Imagine you were subject to a home invasion. You ordered the suspect to drop the knife. He complies. You have him move away from the knife and order him  to “get on the ground, spread your arms out – palms up, chin in the carpet, spread your legs, don’t move.”

You are holding a home invader at gun point and have ordered him to the ground. He is proned out.

You do a scan (360 degrees). Your back is facing a wall. No more threats visible.  You dial 911. Police are on the way.  You breathe a sigh of relief.

Home Invader on ground in Prone Position – Reactionary Gap

BUT, is the threat really over? Is it time to feel secure? Are you actually in control?  How much reactionary time do you actually have?

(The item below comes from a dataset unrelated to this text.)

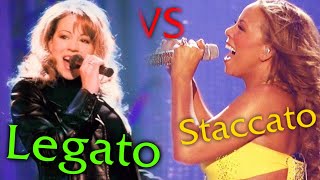 Mariah Carey - Legato VS Staccato - Same Note Comparision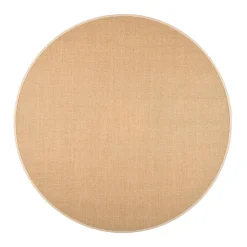 VM-Carpet matto Sisal Ø 133 cm beige-harmaa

 Force Science Institute ltd., has issued its report #357 (dated February 20, 2018),  which found that a suspect can scramble up from a proned-out position to a flight-or-fight stance  in under 1 second. This information is attributable to Force Science Institute, ltd., Report #357 www.forcescience.org .  Reproduced with permission.

Prone positions used for this testing were as follows:

1) flat on their belly, hands tucked under their chest (a position that offenders may assume in direct defiance of officers’ positioning orders);

2) arms out to the side in a T position, palms up.

3) arms out and legs crossed at the ankles;

4) arms out, ankles crossed, legs bent so the feet were angled back toward the butt.

As the report states: “From all four positions flat on the ground,”… “the subjects rose up to standing in one second or less. They got up in different ways, but in no more than a second—faster than we expected—they were up with their hands off the ground and their body weight fully supported by their feet in kind of a crouch from which they could launch an aggressive move or start to escape.”

TAKE-AWAY. “Our conclusion is that prone positioning, even with supposed hindrances like crossing the legs, is not as safe or as inhibiting to suspects as many officers believe,” O’Neill says. “A proned-out suspect still presents significant potential danger and officers should remain vigilant.”

Shasta Defense comment: Although the report addresses the concerns of Law Enforcement Officers with suspects  in the prone position, the same significant potential danger exists for you, even in your own home.